A commonly used questionnaire to evaluate sleep quality is the Pittsburgh Sleep Quality Index (PSQI). The PSQI is a long-established questionnaire that evaluates sleep quality for one month. It is composed by 19 questions that are grouped into seven components that score from 0 to 3. The sum of these seven components results in a global score, rated from 0 to 21 (the higher the score, the worse the sleep quality), and higher than 5 classifies the patient as a “bad sleeper”. The seven components used to evaluate the Global PSQI score of the month include: Sleep Duration, Habitual Sleep Efficiency, Sleep Latency, Use of Sleep Medication, Subjective Sleep Quality, Sleep Disturbances and Daytime Dysfunction. The PSQI was also validated by many researchers in multiple languages, showing that it is a good assessment across multiple cultures.
Subjective Sleep Quality is defined as the patient's opinion about their overall sleep quality. Sleep Latency is a component that considers two factors, the period the patient takes to fall asleep and the weekly frequency of taking more than 30 minutes to start sleeping. Sleep Duration is the mean actual sleep time and generally does not coincide with the time spent in bed. Habitual Sleep Efficiency is defined as the percentage value of the sleep duration over the hours spent in bed. Sleep Disturbances are described by the questionnaire as having troubles during sleep, such as waking-up during the night, getting up to the bathroom, having difficulty to breathe, coughing or snoring loudly, feeling too cold or too hot, having bad dreams or pain. The component Use of Sleep Medication is related to the frequency of the patient taking any sleeping medication during the week. Daytime Dysfunction concerns the patients having trouble staying awake while driving, eating meals, engaging in social activity or having trouble in keeping enthusiasm to get things done.
In summary, each sleep assessment has its own approach to evaluate the patient's sleep health and each one is used in specific stages of the diagnosis/treatment. Despite the benefits of each method, they have their drawbacks. In the PSG assessment, the patient's perception is not evaluated and it is only a one-day evaluation. In the questionnaires and sleep diaries, the information is dependable of the perspective/memory of the patient. In order to fully assess the patient's sleep health, both objective and subjective information should be used to estimate sleep quality.
The prior art solutions are separated in two groups, according to their main objectives: monitoring devices and sleep scoring methods. In the group of devices, the corresponding documents describe a device or apparatus that monitors the person's sleep.
Document WO2022191416A1 uses biometric data from an external device and shows the sleep time information in a display for improving the user's sleep quality. The sleep score is based on the total sleep time, sleep cycle, sleep phase and movements during the night.
Document US2022031233A1 uses biometric data and user's movement to estimate the sleep score of at least one cycle. This document focuses on the application of the device and its operations.
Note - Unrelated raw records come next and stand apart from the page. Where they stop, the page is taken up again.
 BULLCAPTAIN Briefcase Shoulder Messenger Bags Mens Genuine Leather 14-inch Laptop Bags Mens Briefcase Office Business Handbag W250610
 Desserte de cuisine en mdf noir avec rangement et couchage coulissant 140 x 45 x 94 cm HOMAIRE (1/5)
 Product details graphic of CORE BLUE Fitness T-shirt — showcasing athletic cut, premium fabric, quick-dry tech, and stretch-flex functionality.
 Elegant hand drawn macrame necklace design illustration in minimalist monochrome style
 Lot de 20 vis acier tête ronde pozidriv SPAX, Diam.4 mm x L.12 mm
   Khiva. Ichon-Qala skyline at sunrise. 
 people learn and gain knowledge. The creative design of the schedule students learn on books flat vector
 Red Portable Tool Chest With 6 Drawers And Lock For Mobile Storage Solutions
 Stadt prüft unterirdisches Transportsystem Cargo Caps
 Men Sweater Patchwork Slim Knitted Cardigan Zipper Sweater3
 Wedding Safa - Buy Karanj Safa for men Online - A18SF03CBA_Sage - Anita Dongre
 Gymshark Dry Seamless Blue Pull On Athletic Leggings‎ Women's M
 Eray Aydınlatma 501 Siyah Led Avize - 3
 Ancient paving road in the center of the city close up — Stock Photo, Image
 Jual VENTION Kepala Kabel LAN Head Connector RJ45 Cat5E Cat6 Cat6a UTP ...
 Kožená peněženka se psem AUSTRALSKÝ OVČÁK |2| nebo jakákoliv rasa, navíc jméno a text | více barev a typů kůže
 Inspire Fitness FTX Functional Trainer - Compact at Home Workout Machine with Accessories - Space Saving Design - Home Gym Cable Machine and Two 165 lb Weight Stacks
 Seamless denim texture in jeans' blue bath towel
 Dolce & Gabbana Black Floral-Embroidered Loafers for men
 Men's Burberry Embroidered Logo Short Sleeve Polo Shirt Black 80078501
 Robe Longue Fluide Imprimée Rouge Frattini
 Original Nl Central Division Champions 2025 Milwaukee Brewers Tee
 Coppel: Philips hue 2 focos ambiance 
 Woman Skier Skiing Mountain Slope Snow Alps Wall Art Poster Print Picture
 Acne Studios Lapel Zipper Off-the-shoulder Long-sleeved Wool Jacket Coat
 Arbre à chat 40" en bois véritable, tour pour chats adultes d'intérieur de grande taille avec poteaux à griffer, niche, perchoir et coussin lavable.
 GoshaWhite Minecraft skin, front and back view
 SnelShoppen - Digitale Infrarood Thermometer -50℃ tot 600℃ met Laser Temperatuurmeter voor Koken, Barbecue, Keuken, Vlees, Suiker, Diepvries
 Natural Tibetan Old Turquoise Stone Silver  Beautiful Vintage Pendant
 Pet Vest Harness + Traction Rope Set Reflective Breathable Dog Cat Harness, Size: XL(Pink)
Document CN105748044A provides a sleep detection method that calculates a sleep quality through the comparison of the acquired sleep data with a standard sleep data, and compares with the user's historical sleep quality. In addition, document CN105748044A focuses on a system for smartwatches that shows the user the comparison between sleep quality and historical sleep quality.
The U.S. Pat. No. 6,878,121B2 proposes an arm device to measure the person's movements and a method to compute the sleep score based on the arm activity.
Document US2020050258A1 provides a system that uses biometric data to compute the sleep score and, depending on the operation and sleep score, it shows in a display of a wearable device. This document proposes an integration with the person's vehicle and actuate in vehicle's components depending on the sleep score. The document, however, does not disclose details about the method for computing the sleep score, only mentioning that the sleep score can be calculated based on the person's movement.
Document CN108937867A proposes a sleep method and devices, focusing on the monitoring of sleep state. The sleep monitoring device obtains behavioral data, limited to a preset time interval. The sleep score is calculated using the behavioral data, based on the movement of the equipment and/or the heart rate value.
The group of patents that describes sleep scores usually relate to methods and systems that use sleep data to provide some sort of index to the user. This index is created from several different techniques and data sources, serving as a basis for the definition of messages and guidelines in order to improve general sleep quality.
Another interesting prior-art document is patent U.S. Pat. No. 10,555,698B2. This patent teaches a sleep score based on sensors placed in a wearable device. Also, it describes how to determine values for one or more sleep quality metrics based at least in part on the physiological data and at least one wakeful resting heart rate.
Yet another interesting document is US2023040407A1. The document proposes a method to determine a sleep score for at least one day from the set of measurement data, the circadian rhythm of the user, and the duration of sleep of the user, wherein the sleep score corresponds to a time of falling asleep of the user.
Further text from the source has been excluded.